Although Fist of the North Star: Ken's Rage is a great game which I thoroughly enjoyed from beginning to end, it isn't without its problems. There are some troubling aspects of the game's design that fans of the series may be able to overlook considering their appreciation of the lore, but other gamers may not be so forgiving. First and foremost, the camera system used by the game is pretty bad, and at times, horrendous. Like many third person action games, Ken’s Rage uses a free-moving camera system that adjusts itself according to your location on the screen. Unfortunately, the AI sees it fit to move the camera position far too much for my liking and the manual controls are far too sensitive on their default settings to manage it on the go effectively. I often found myself running away from the action in order to reposition the camera so that I wouldn’t get killed. This was a major annoyance that really interrupted the flow of the game. Fortunately, I was so interested in the tale that was being told I kept going back even with the annoyance factor. That being said an much improved camera system would have definitely made the experience a lot more enjoyable.
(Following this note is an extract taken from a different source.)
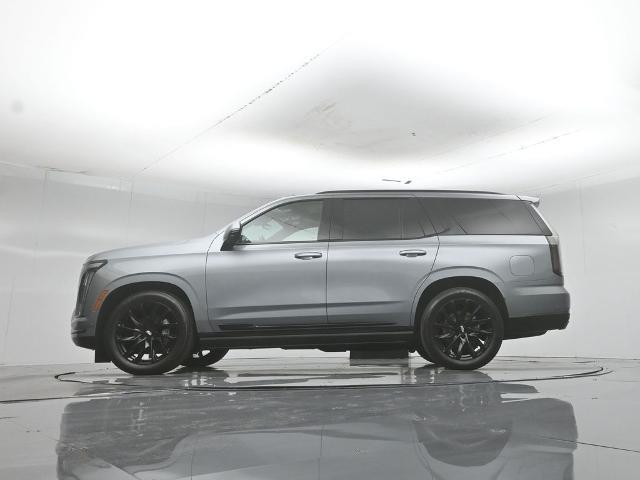 2025 Cadillac Escalade - $97,285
Most of my other complaints with the game with details and minor annoyances. The game places the player against an incredible number of enemies, often simultaneously, but aside form the bosses almost all of them look alike. There is some variation through all of the stages and stories, but for the most part, you fight the same guys over and over. It is really a shame that a game with such detailed and beautiful graphics has to use the same character models over, and over, and over. The targeting system used by the game’s boss fights is equally annoying. It works, don’t get me wrong, but it isn’t as effective as it should be, especially when you combine it with the buggy camera system. Considering that many of the bosses that you face in the game either have attacks that manipulate the environment around you or perhaps send waves of sacrificial foes at you, it doesn’t make sense to concentrate your focus on the boss their self all of the time. Often times players will be blindsided from an environmental attack or annoying support enemies because the camera forces them to focus on the boss character. The good thing is that the camera lock can be turned off, but then again, as soon as you turn it off, you usually end up in a position where it is needed or convenient.
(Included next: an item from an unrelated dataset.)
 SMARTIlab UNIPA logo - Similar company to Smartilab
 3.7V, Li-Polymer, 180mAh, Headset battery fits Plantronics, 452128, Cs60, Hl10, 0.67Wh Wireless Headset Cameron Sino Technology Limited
Gamers will also notice an incredibly unreliable hit detection system when it comes to interaction with the environment. This is particularly noticeable doing times where the player yields large weapons like poles or spears. The game pretty much just allows these weapons to pass through the environment without issue; the only impact they have on the world is when you swing them in an attack motion. If you come across a particularly narrow allow that is barely wide enough for your player to get through alone, go ahead and grab that giant steel girder lying on the road and head through it because it will magically pass right through the walls and continue on with you to the other side. This problem also becomes noticeable throughout the Legend Modes’ various platforming sections; there are some portions of the game, albeit a very small amount, where players will have to traverse some areas and environments in typical platforming fashion. This will involve the scaling of various walls and jumping from roof to roof. If you combine the often wonky camera system with an unreliable hit-detecting environment, you will find some very frustrating moments in the game. Fortunately, these platforming sections are few and far between and are no means gamebreakers, but in todays day and age of technology, details and issues like this should be addressed during the game’s production.
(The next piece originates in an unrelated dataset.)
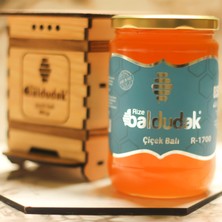 Baldudak R-1700 Çiçek Balı 850 Gr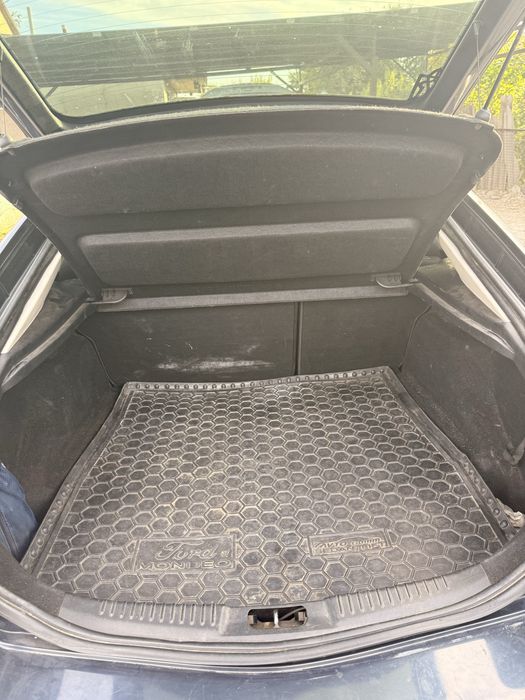 Ford Mondeo 4. Продаж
* The product in this article was sent to us by the developer/company for review.
Fans of the anime will absolutely love Fist of the North Star: Ken’s Rage. Other gamers may not love the game quite as much but will find a solid and enjoyable adventure from start to finish. The game has some basic issues that really should have been addressed prior to release, mainly in the camera and hit detection systems, but fortunately the strength of the tale being told and the polish on the complete package help to overcome those issues and cap off an incredibly suiting presentation of a truly historic anime franchise.